A Bumper Crop of Bureaucracy
Author:
Richard Truscott
2001/03/12
Bureaucrats, not farmers have turned out to be the biggest beneficiaries of the Agriculture Income Disaster Assistance program (AIDA). AIDA has not just been a failure, it has been a very expensive failure.
According to information obtained by the Canadian Taxpayers Federation (CTF) the total administration costs for AIDA may be more than three times higher than originally budgeted by the time the program ends at the end of March.
The total cost of administering the program nation-wide was originally projected to be $30 million over two years. Instead, AIDA has cost $48 million to administer in just five provinces (Saskatchewan, Manitoba, New Brunswick, Newfoundland, and Nova Scotia) over the same period. The total bill, however, will probably be over $50 million before the program winds down at the end of this month.
In the other five provinces (Ontario, Quebec, Alberta, PEI, and British Columbia) the provincial governments operate their own AIDA administration under separate cost sharing arrangements with the federal government.
From the outset, the federal government stated it was allocating 3% of the AIDA budget to cover administration costs. But these costs in the five provinces where the feds run the program are now 14% of the total value of AIDA payments. If costs are similar in the other five provinces that run the AIDA program themselves, the Canada-wide administration cost could easily exceed $100 million.
As for a breakdown, the costs for the five provinces where AIDA is federally-run include $26,369,159 for salaries and benefits, $810,934 for travel, $756,703 for temporary help and students, and $2,711,651 for consultants. Clearly, AIDA was a very complicated program that resulted in unnecessarily high personnel and consulting costs.

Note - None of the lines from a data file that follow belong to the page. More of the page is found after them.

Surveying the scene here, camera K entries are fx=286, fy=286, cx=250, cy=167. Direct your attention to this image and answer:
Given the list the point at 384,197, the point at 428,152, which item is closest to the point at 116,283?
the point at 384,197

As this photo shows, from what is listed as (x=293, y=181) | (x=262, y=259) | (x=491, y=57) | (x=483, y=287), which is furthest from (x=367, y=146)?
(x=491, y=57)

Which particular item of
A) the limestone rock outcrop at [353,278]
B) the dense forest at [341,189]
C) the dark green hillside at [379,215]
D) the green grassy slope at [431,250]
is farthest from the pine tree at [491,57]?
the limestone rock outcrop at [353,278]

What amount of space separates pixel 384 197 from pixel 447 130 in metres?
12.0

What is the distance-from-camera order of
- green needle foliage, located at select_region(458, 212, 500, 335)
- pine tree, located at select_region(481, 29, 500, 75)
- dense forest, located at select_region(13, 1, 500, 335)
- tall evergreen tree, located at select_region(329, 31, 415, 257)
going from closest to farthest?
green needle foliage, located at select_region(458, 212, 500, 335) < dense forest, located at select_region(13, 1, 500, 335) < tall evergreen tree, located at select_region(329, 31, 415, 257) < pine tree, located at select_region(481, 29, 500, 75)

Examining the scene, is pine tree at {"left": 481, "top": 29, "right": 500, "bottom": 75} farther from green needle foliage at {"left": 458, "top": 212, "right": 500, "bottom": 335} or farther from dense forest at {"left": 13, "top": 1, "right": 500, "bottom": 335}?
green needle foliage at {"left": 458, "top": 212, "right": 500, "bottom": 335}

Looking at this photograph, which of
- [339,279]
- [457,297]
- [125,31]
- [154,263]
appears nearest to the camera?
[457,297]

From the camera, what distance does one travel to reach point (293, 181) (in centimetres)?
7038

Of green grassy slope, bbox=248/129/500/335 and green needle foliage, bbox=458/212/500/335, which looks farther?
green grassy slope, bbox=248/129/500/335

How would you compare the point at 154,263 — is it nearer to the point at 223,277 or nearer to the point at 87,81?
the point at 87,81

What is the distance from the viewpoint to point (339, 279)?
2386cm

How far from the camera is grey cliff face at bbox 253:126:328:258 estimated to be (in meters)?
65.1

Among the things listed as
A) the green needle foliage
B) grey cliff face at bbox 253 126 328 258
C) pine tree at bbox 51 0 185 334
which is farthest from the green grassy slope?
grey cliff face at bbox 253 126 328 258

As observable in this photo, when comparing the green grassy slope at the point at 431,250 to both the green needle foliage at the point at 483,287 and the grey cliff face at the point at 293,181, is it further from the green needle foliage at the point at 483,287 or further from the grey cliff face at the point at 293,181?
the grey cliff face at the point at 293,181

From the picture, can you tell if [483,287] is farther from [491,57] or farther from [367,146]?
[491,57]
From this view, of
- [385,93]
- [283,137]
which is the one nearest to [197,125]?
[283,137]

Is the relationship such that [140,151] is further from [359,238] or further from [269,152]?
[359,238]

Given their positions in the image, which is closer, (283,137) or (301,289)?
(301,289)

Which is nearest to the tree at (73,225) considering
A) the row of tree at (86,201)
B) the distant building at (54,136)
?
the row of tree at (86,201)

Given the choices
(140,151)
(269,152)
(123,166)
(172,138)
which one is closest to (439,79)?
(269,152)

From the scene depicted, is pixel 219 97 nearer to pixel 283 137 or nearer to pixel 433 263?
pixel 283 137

Other big costs include $1,222,793 for the repair and maintenance of buildings, $599,180 for repair and maintenance of equipment, and $656,626 for rentals. There is also a $6,293,643 bill for materials and supplies.

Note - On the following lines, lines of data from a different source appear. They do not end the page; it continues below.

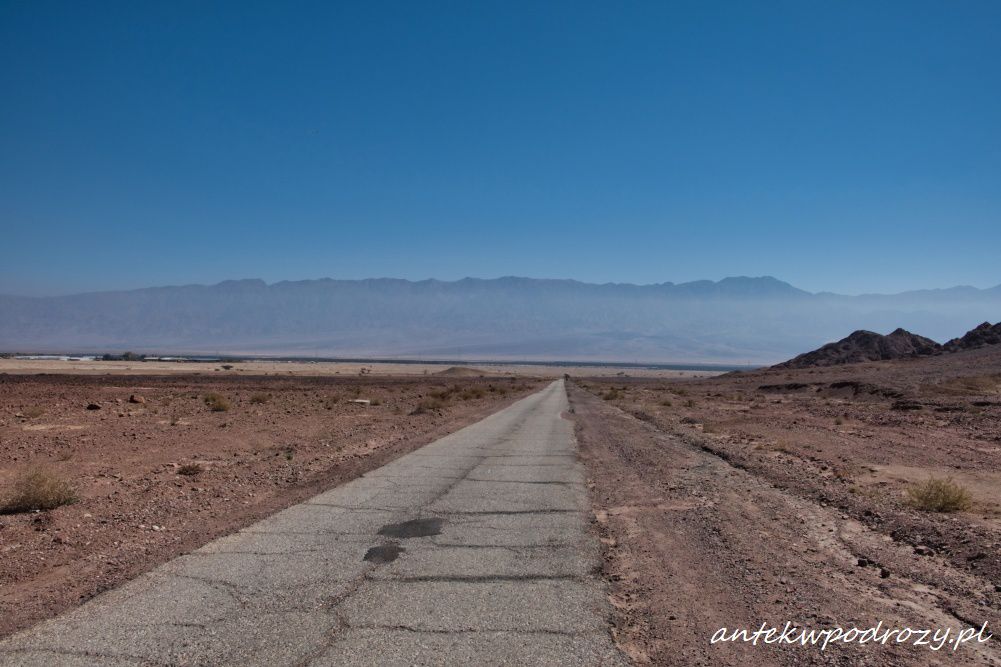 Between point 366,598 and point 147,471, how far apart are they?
32.7 feet

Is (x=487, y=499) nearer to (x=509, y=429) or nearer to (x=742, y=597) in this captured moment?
(x=742, y=597)

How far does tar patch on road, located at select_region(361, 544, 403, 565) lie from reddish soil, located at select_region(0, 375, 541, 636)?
7.07 ft

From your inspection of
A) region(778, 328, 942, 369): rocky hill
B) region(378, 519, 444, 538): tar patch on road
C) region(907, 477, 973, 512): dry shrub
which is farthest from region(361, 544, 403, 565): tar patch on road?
region(778, 328, 942, 369): rocky hill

AIDA was replaced last year by the Canadian Farm Income Program. We shouldn't hold out breath that the government has learned from AIDA's mistakes.
So what's the problem with AIDA Like most bureaucracies, it seems to a bigger part of the problem than part of the solution. Instead of actually helping farmers deal with the high cost of farming, the government has been forcing them to navigate a costly maze in the vain hope of a piece of cheese at the other end. There are many real stories of farmers spending hundreds of dollars and dozens of hours filling out AIDA application forms only to discover they are eligible for a couple of loonies.
No doubt, the solution to farm income problems may depend on an end to the subsidy war between the Subsidy Superpowers and the recovery of world commodity prices. If governments really wanted to make farming more viable and help farmers deal with rising fixed costs, they need to reduce income-insensitive taxes like school taxes.
Governments can also make life on the farm a lot easier if they fixed the other problems created in our legislatures, including costly and ineffective farm programs. AIDA has had little impact on the farm crisis, but it certainly has grown a bumper crop of bureaucracy.